Sigismond de Vajay

Unreachable Empires

Conceived by Sigismond de Vajay, this artist’s book combines 70 of his drawings with commissioned essays by Mexican novelist Mario Bellatín, French biologist and glaciology researcher Bruno Jourdain, and geography and biotechnology expert Elizabeth R. Johnson.  Together, thanks to their intertwined dialogue around reality, fiction, science, knowledge, and the power of artistic approaches, they express a subjective vision of our changing times.
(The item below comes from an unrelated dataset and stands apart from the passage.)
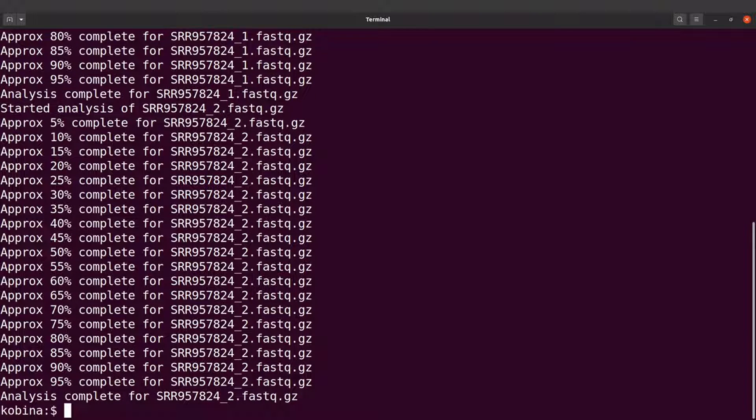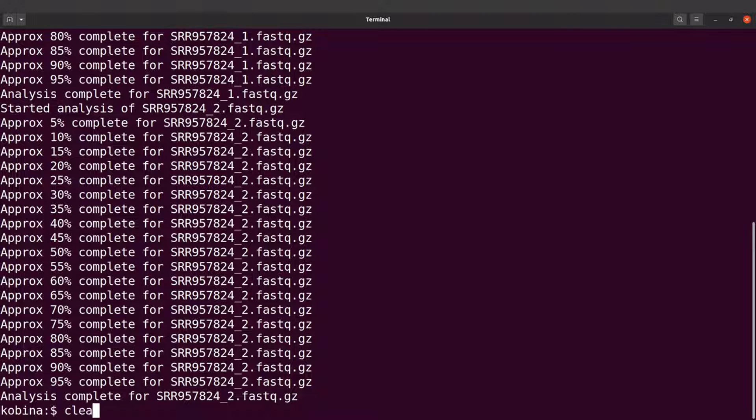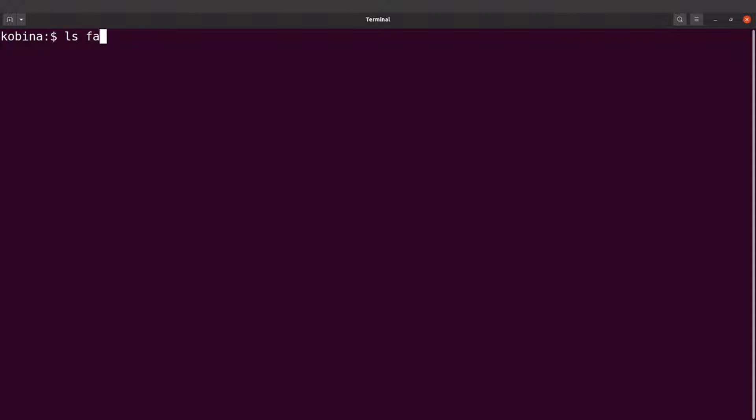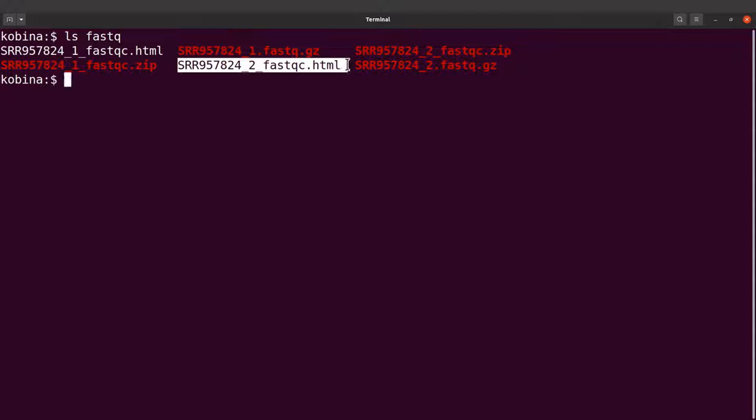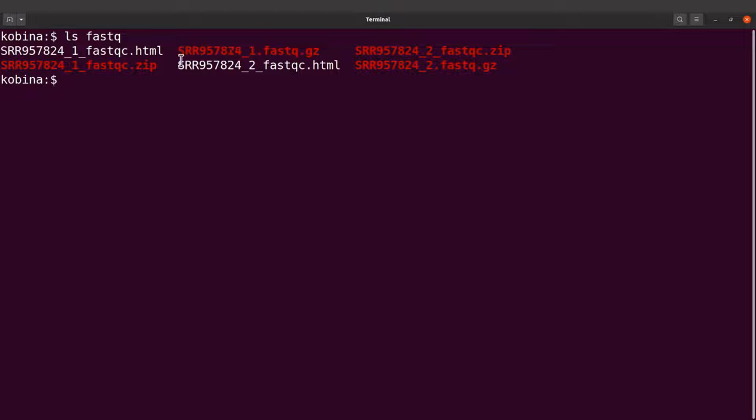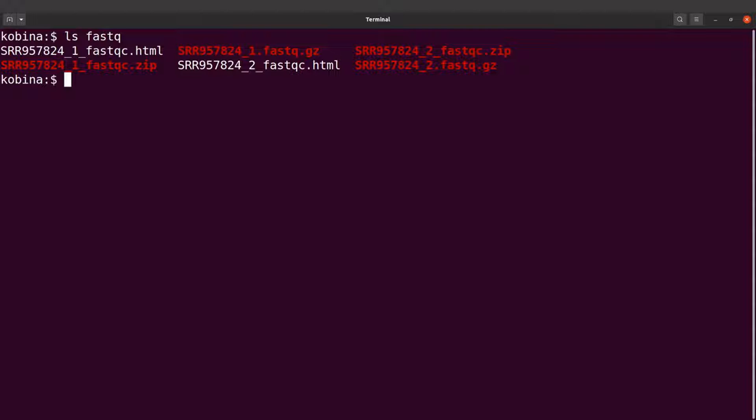FastQC has completed its job, so let's check them out. If you do an ls into the fastqc directory, you'll find some HTML files there. These are the FastQC reports. These HTML files can be opened with a browser. We will look at that very soon. Now what we did was run FastQC on all the files in the directory, but you can also specify a single file.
Vajay’s practice emphasizes the systems that govern the planet, irregularities and social differences, power and global control. From a disenchanted perspective, his art oscillates ceaselessly between the human and the machine, the individual and the mass, or between nature and technology.

The artist’s works have in common a dystopian aesthetic, which allows him to address the condition of contemporary societies in a state of ruin. Through his pencil and watercolour drawings, produced between 2012 and 2017, Vajay explores themes and motifs such as post-industrial landscapes, endangered natural spaces, and lonesome machines, as well as complex human, natural, and architectural organizations. Some drawings are short stories to decipher, while others manage to show, in a single stunning image, the complexity of our times and our future.

The authors chosen propose narratives—the adventures of the “Book Man”; “The Amazing Life of a Tiny H2180 Water Molecule”; the “Stories of Life and Warfare Beneath the Skin of the Earth”—which extend and enhance the drawings, thanks to time-travel, alternative realities, and troubling futuristic tales.

English, French and Spanish text. Published with KBB (Kultur Büro Barcelona).